I recently billed this to Tricare as 20610 & 77003.  The have denied it as not covered at an ASC.  Has anyone had experience with this and if so how did you handle?

PREOP DIAGNOSIS:   LEFT HIP PROGRESSIVE DEGENERATIVE ARTHRITIS HIGHLY SYMPTOMATIC AND INTERFERING WITH ACTIVITIES OF DAILY LIVING 

POSTOP DIAGNOSIS:  SAME

PROCEDURE:   LEFT HIP ARTHROGRAM UNDER FLUOROSCOPY WITH INTRAARTICULAR STEROID INJECTION 

ANESTHESIA:  GENERAL ET 

INTRODUCTION:  Routine preop evaluation revealed no medical contraindications to the procedure. The patient and family were consulted at length regarding the relative risks, benefits, and alternatives to the above elected procedure.

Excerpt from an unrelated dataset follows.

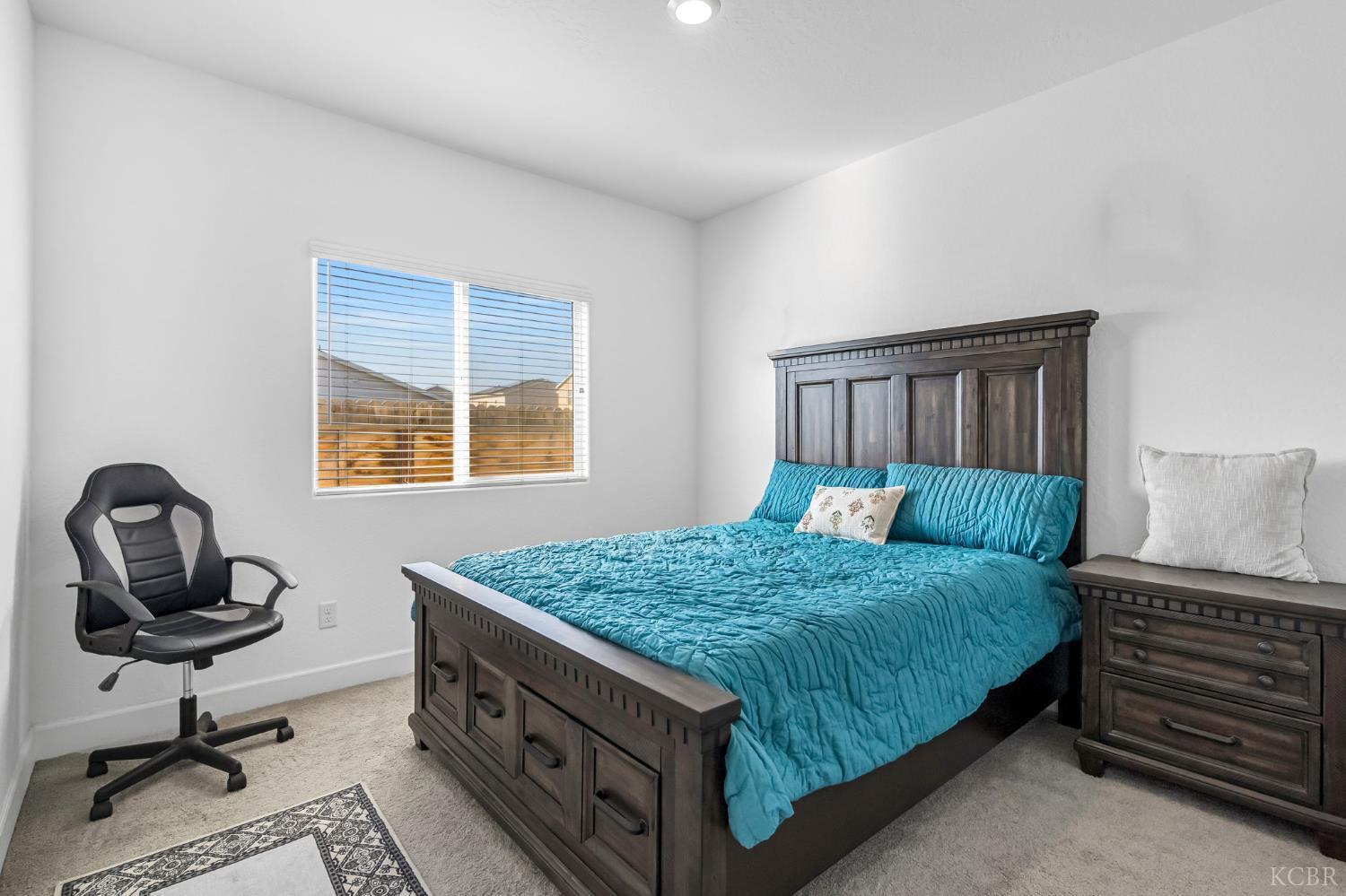 102 E Tyler Ave, Visalia, CA 93291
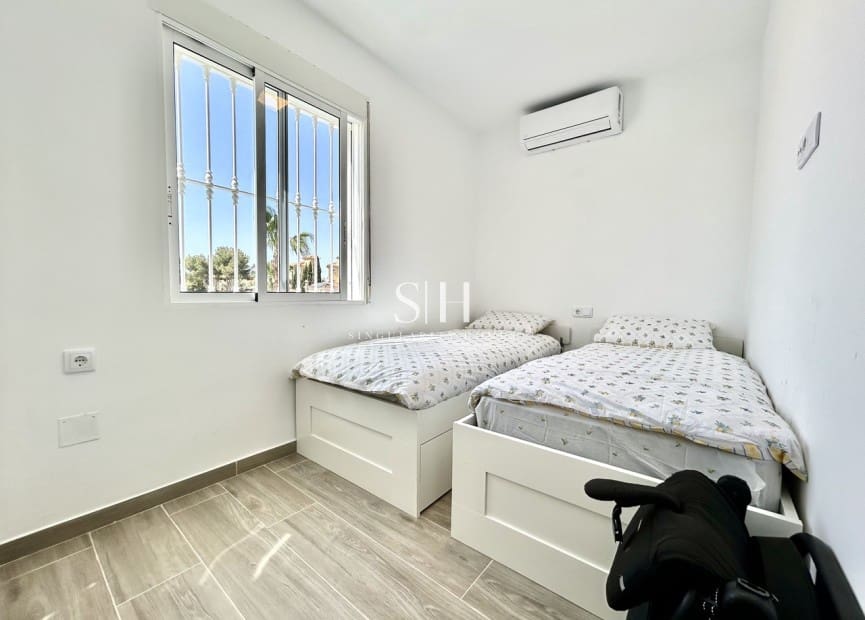 5 makuuhuone Huvila myytävänä paikassa Orihuela Costa - 459 000 € (Ref: 9804008)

They understood these risks to include but not be limited to infection, sepsis, osteomyelitis, DVT, PE, stroke, MI, death, nerve or blood vessel damage, RSD, persistent pain, persistent stiffness, requirement for future operative intervention, among others. Understanding the above risks and that no guarantees were made nor implied, the patient freely consented to proceed. 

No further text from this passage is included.